§ **How to complete this task**
Aside from the pictures, copy the listing exactly.

[Collected material Boundary: Start]

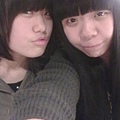 20110325932.jpg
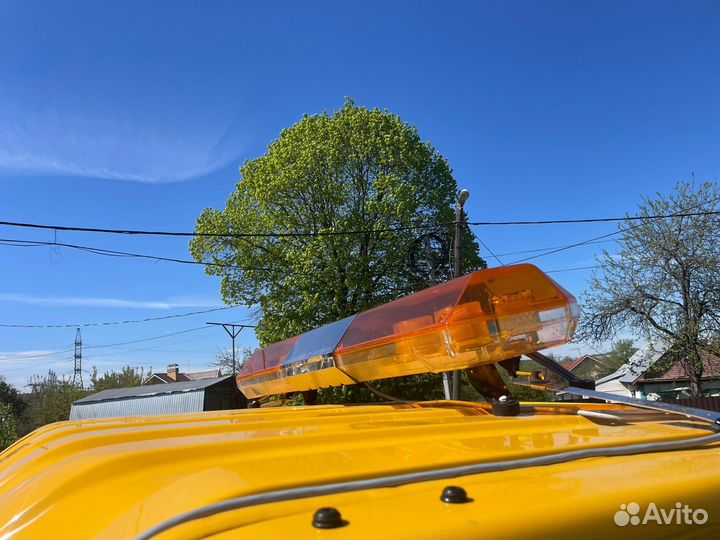 Isuzu Elf (N-series), 2024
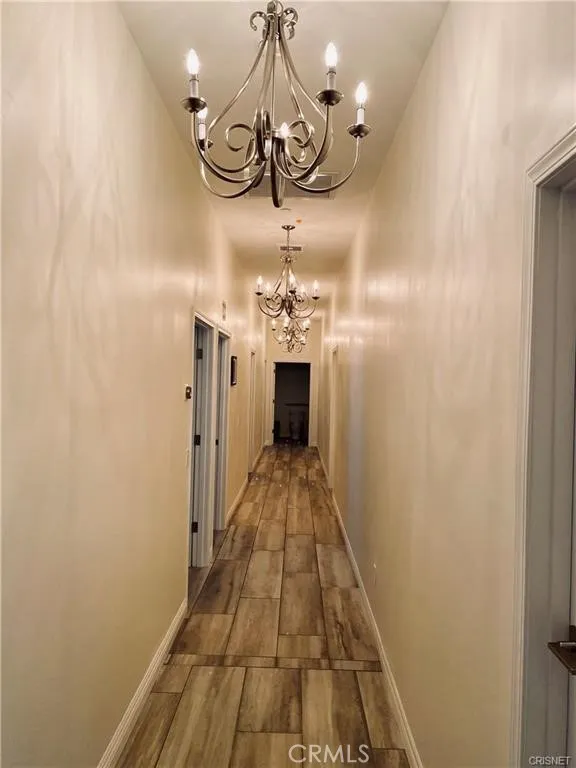 19238 Arminta, Reseda, CA, 91335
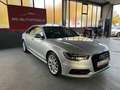 Audi A6 Lim. 3.0 TDI quattro S-Line//Matrix\\ Silber - thumbnail 2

[Collected material Boundary: End]

§ **Answer box**
 20110325932.jpg
 Isuzu Elf (N-series), 2024
 19238 Arminta, Reseda, CA, 91335
 Audi A6 Lim. 3.0 TDI quattro S-Line//Matrix\\ Silber - thumbnail 2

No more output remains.